Otherwise, if you post the first few lines from each file here I may be able to detect the cause of the problem.
Again, I would like to help until clust is running successfully for you.
BW Basel
Hi,
I'm using clust for the first time. Using tpm values to build my clusters. I'm using Python 2.7.14 and I'm running it in HPC. I get this error:
| Analysis started at: Tuesday 15 January 2019 (09:52:58) | | 1. Reading dataset(s) | | 2. Data pre-processing | Traceback (most recent call last): File "/nbi/Research-Groups/JIC/Diane-Saunders/Anaconda/Installation/bin/clust", line 11, in
sys.exit(main())
File "/Anaconda/Installation/lib/python2.7/site-packages/clust/main.py", line 98, in main
args.cs, args.np, args.optimisation, args.q3s, args.basemethods, args.deterministic)
File "/Anaconda/Installation/lib/python2.7/site-packages/clust/clustpipeline.py", line 102, in clustpipeline
filteringtype=filteringtype, filterflat=filflat, params=None, datafiles=datafiles)
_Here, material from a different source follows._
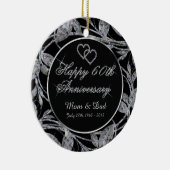 幸せな第60記念日のダイヤモンドはDBLを味方しました去ります セラミックオーナメント (右)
File "/Anaconda/Installation/lib/python2.7/site-packages/clust/scripts/preprocess_data.py", line 630, in preprocess
Xproc[l] = fixnans(Xproc[l])
File "/Anaconda/Installation/lib/python2.7/site-packages/clust/scripts/preprocess_data.py", line 70, in fixnans
sumnans = sum(isnan(Xinloc[i]))
TypeError: 'bool' object is not iterable
Any ideas why this might be?
Thanks